*Prompt:*
Find, in the records below, the line that contains "Culladia cuneiferellus (Crambinae" and the line that contains "Saskatchewan Freshwater Fishes". Copy those two lines and everything between them exactly, but not the pictures.

*Data section:*
_____

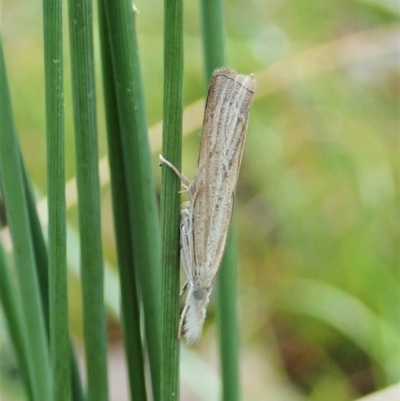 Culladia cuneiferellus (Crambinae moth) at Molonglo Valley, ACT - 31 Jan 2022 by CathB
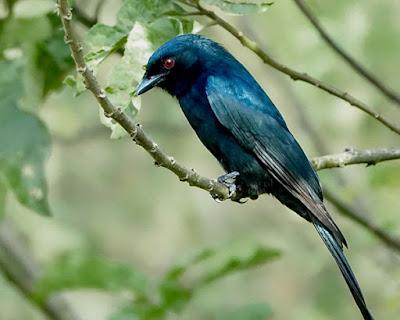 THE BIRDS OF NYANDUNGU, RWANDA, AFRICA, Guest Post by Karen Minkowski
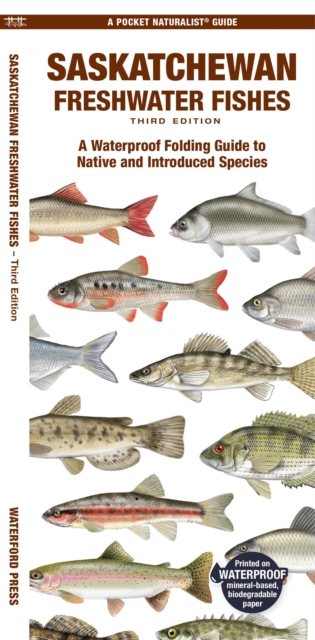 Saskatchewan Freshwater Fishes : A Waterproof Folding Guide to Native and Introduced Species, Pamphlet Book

_____

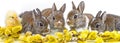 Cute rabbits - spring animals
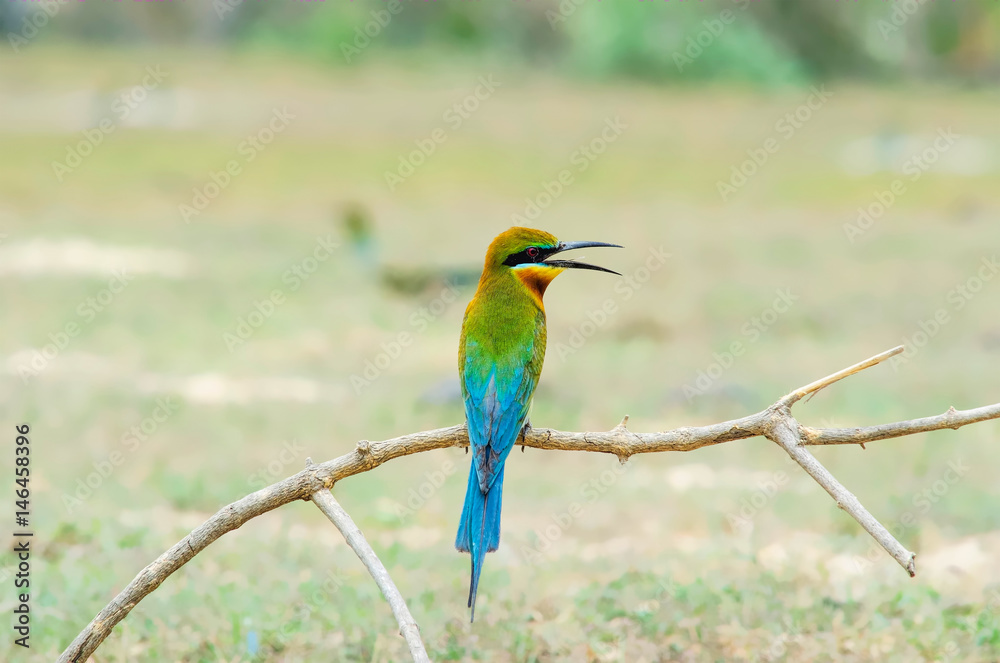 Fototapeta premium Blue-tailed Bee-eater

_____

*Solution for this exercise:*
 Culladia cuneiferellus (Crambinae moth) at Molonglo Valley, ACT - 31 Jan 2022 by CathB
 THE BIRDS OF NYANDUNGU, RWANDA, AFRICA, Guest Post by Karen Minkowski
 Saskatchewan Freshwater Fishes : A Waterproof Folding Guide to Native and Introduced Species, Pamphlet Book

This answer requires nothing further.